4.	What would be the likely financial costs?

•	What would be the start-up and ongoing administrative costs?

•	Who would pay? If one objective is to prevent commercial fraud, should the corporate community be responsible for part of the cost?

•	If the card’s security is compromised by forgers/counterfeiters, will the entire system have to be abandoned? Or can the card be designed to be failsafe?

5.	What are the issues relating to personal data that the card may contain?

•	What data should the card contain?

•	Who should have access to this data?

•	Is function creep a concern?

•	How could errors in the data be corrected?

•	Would there have to be extensive data on every cardholder for the card to achieve its objectives?

•	Should the card function by providing access to an online database or should it function offline by simply confirming that the person presenting the card has the same fingerprint, iris, or facial structure as appears on the card?

•	What privacy protection measures would have to be in place and how would they be monitored and enforced?

•	Are the benefits that might be achieved by having a national identity card proportional to the potential loss of privacy?

6.	What issues are there with respect to the security of the card?

•	Since foundation documents are not entirely secure, how can we ensure that those who enrol in any new identity system are who they claim to be?

•	If the card becomes the most trusted piece of identification for all official purposes, is there a greater risk that it will be counterfeited or that internal fraud will occur?

•	What would be the impact on an individual whose card is lost or whose identity is fraudulently used by another to obtain a card?

•	Given the technological sophistication of many criminal organizations, is it reasonable to believe that a card can be secure enough to achieve its objective?

7.	Other questions to address:

•	Which level(s) of government should be responsible?

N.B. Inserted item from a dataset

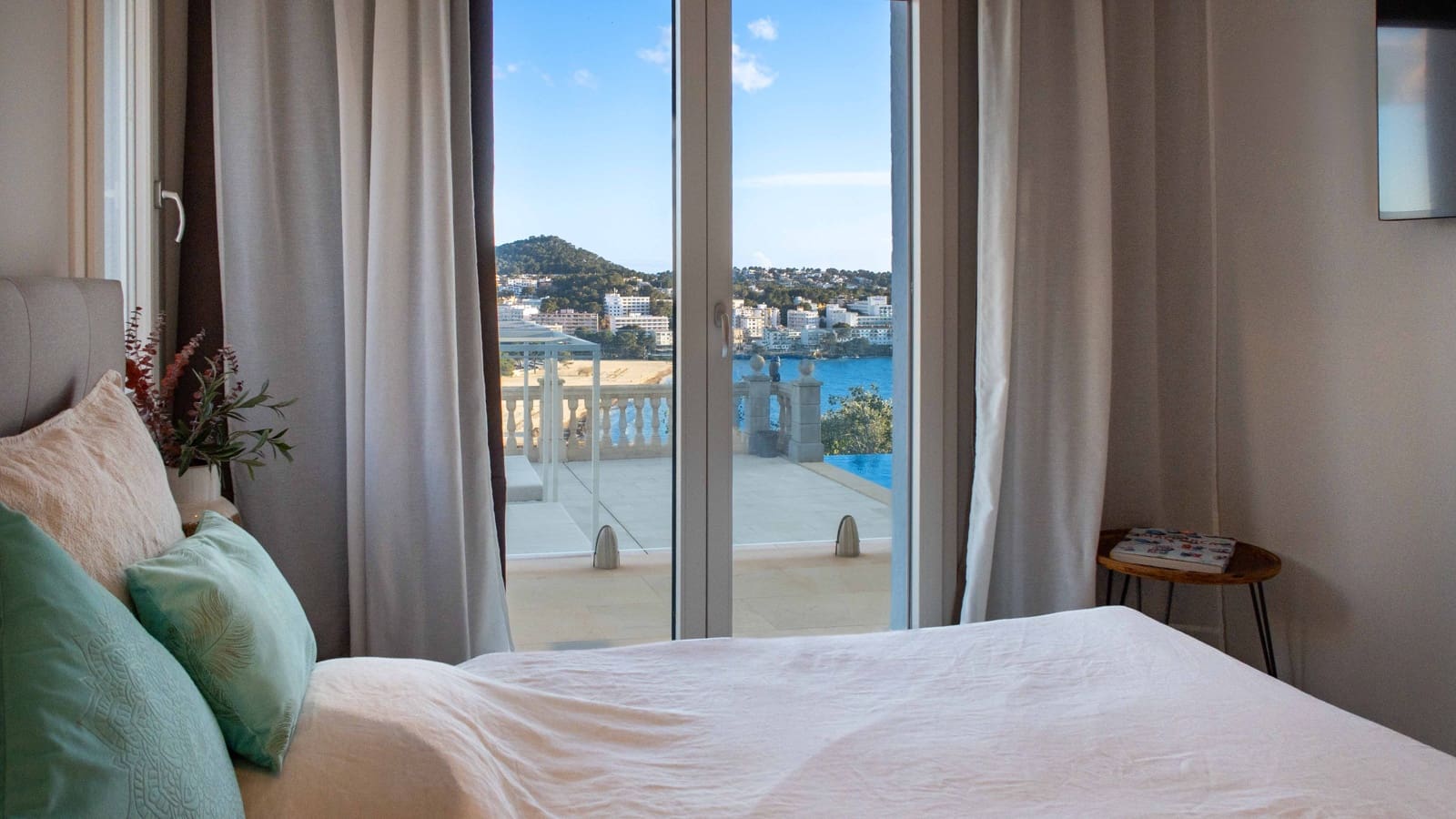 4 soveværelse Villa til salg i Santa Ponsa med swimmingpool garage - € 3.700.000 (Ref: 8891959)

•	Will a national ID card eliminate discrimination and racial profiling? Or, as some have suggested, will a national ID card foster new forms of discrimination as minorities become subject to endless status and identity checks by police, banks and merchants?

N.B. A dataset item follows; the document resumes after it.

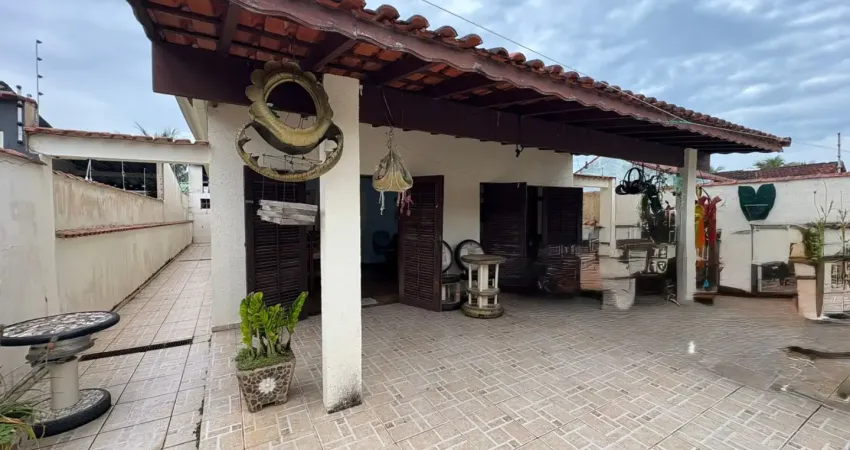 Casa à 200m do mar com 3 quartos e espaço para piscina em itanhaém.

•	What would be the impact of “false rejects” and how would that concern be addressed?

CONCLUSION

The Committee wishes to emphasize that we have not, as a whole, made any final determinations. This report is intended to summarize what we have heard thus far and we reiterate that we are continuing our study. It is clear that this is a very significant policy issue that could have wide implications for privacy, security and fiscal accountability. Indeed, it has been suggested that it could affect fundamental values underlying Canadian society. A broad public review is therefore essential. The general public must be made more aware of all aspects of the issue, and we must hear what ordinary citizens have to say about the timeliness of a national identity card. We hope that this document will stimulate further thought and we encourage Canadians to continue to forward their views to the Committee.